The bullshit started with the Global Times, a Chinese nationalist tabloid run under the auspices of the Chinese Communist Party’s newspaper, People’s Daily. That gives Global Times (where I once worked) a credibility it doesn’t deserve; Global Times editorials, often dictated impromptu over the phone by the pugnacious editor Hu Xijin, sometimes presage actual government action but are far more frequently about Hu’s own efforts to drum up traffic or troll the rest of the world. An editorial on Monday called for the Chinese air force to establish regular patrols over Taiwan and a declaration of war if Taiwan acted to defend its airspace. That would be a murderously idiotic move, but it’s highly unlikely that even Hu meant it as a serious suggestion.

But Indian media takes the Global Times extremely seriously.
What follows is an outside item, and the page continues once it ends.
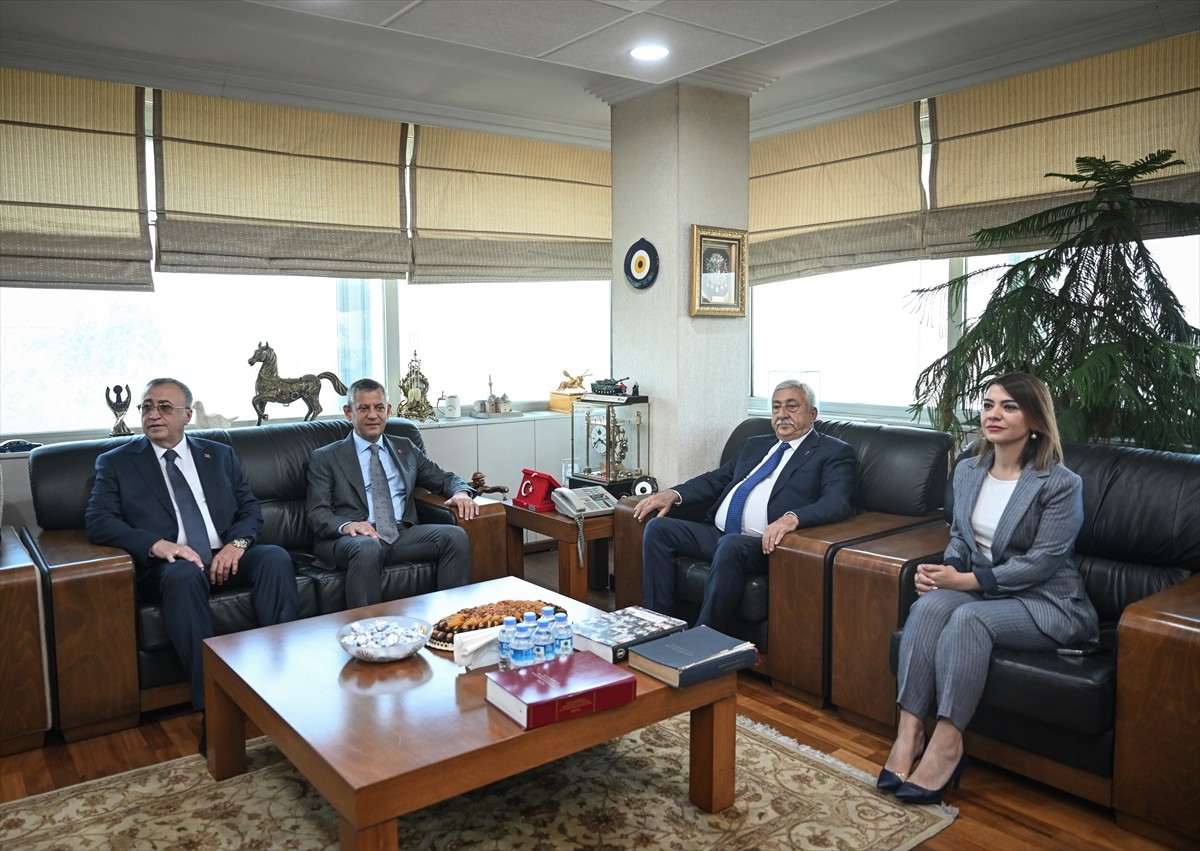 CHP Genel Başkanı Özgür Özel (sağ 2), beraberindeki partililerle Türkiye Esnaf ve Sanatkarları...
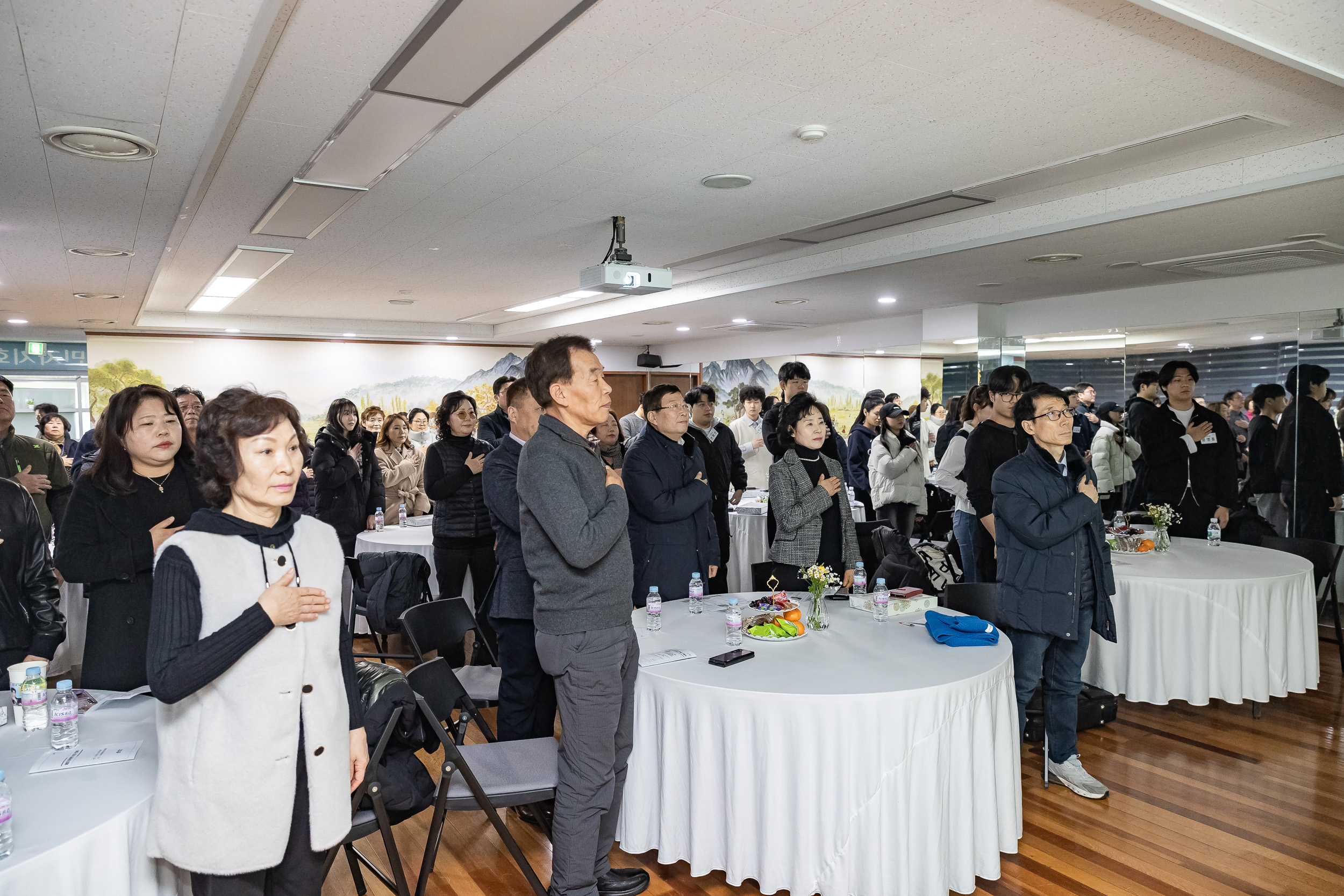 20250213-제5회 중곡장학회 장학금 전달식 20250213-6905-제5회 중곡장학회 장학금 전달식_G_142453.jpg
India’s own nationalist newspapers have a dysfunctional relationship with their Chinese counterpart; the Global Times prints some mad bullshit, often insulting India directly. Indian newspapers and websites pick up on it, often describing it as “China” or “the Chinese government” making those statements. The Global Times then writes more pieces in response to them. The cycle continues, and everyone’s traffic rises. (The English-language version of the Global Times isn’t really intended as a plausible commercial venture, but the editors are directly incentivized and rewarded not just for traffic as a whole, but for mentions of pieces in foreign media, whether good or bad.)

The idea of Chinese patrols, then, was already circulating in an Indian online media sphere that’s completely obsessed with China at the moment, following the clash in Galwan Valley that left 20 Indian soldiers and an unknown number of Chinese dead. Relations between New Delhi and Beijing are at a nadir not seen since the 1970s. More border clashes this week, apparently leaving at least one Indian soldier dead, had put Chinese aggression back in headlines again. Online Indian takes on China’s military power tend also to swing from the panicky—the Chinese military can crush India unless India redoubles its efforts—to the cocky: Our brave jawans can defeat the invader!

Wherever the video originated, it dropped into a perfectly receptive atmosphere: an Indian audience primed for news of both Chinese aggression and Chinese failure. The Taiwanese, meanwhile, were left scratching their heads. As Asian geopolitics get hotter and online nationalisms meaner, more such misinformation will spread. Most of it will burn out into nothing—but the bit that doesn’t could be the spark that gets people killed.